The Baltic states and Poland are struggling to settle the political, commercial and environmental problems involved in their joint plan for a €7bn ($10bn) nuclear power station, aimed at easing expected regional electricity shortages and reducing dependence on Russian energy.
The 3,200-megawatt plant would be built at the site of an ageing Soviet-era nuclear power station at Ignalina, Lithuania, which is due to close in 2009 in line with European Union requirements.
The partners are planning for the new plant to start operating in 2015, but industry executives say the deadline is tight. Lithuanian officials, who - with Ignalina's looming closure - have the strongest interest in pressing ahead quickly, say they expect the scheme to be agreed no later than this autumn.
"This is a regional project, serving not just Lithuania, but it will contribute to the development of this entire European sector," President Valdas Adamkus of Lithuania told the Financial Times.
Maris Riekstins, Latvian foreign minister, said: "The project is going forward in accordance with the plans of the companies involved. We are on schedule."
However, Einari Kisel, director of energy at the Estonian economy ministry, said on Tuesday: "The project will be delayed - 2015 is unrealistic.
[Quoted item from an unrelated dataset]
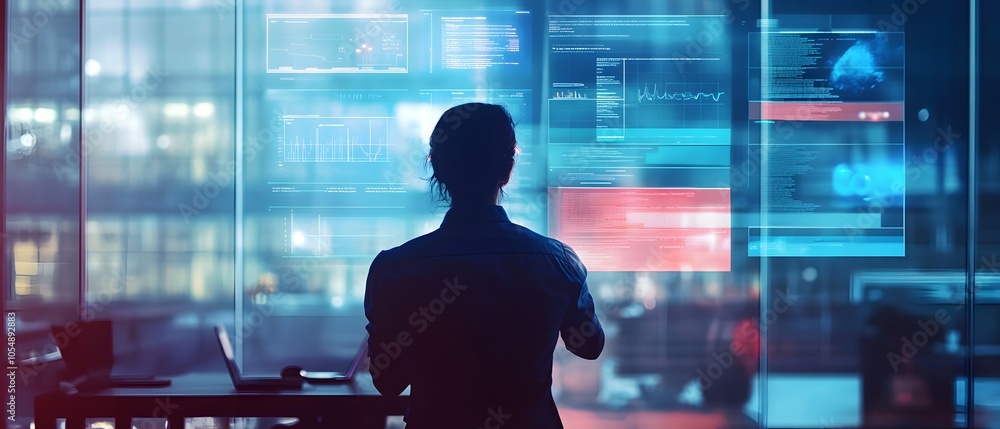 Poster a professional analyzing data on digital screens in a modern workspace, showcasing technology and in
There are a lot of questions that have to be settled internally in Lithuania. These negotiations [between countries] won't be easy either."
A senior Polish official said: "The political will to go ahead is there, but our economics ministry still has some questions."
The project is expected to pass a key hurdle in the next week when the Lithuanian parliament considers plans for establishing a public-private national champion as its participant in the project.
Under the proposals, the new holding company would own Lietuvos Energija, the national grid, as well as RST and VST, the country's distribution companies.
Vilniaus Prekyba, a private Lithuanian group, would give up its dominant stake in VST in return for 38.8 per cent in the holding company.
But the authorities also want to buy a 20 per cent stake in RST held by Germany's Eon - and have yet to negotiate with Eon.
Also, Lithuania has yet to finalise ownership details with the other three countries. Originally, the project involved the three Baltic states building a modest 1,600MW plant, with each country owning a third.
But in 2006, Vilnius invited Poland to join the project and complicated matters last year by passing a law under which Lithuania would own a 34 per cent stake, leaving 22 per cent each for the other three partners. With Poland joining, the project has been doubled to 3,200MW due to Polish demands for 1,200MW of capacity. The increase necessitated new environmental studies, scheduled to be completed by the summer.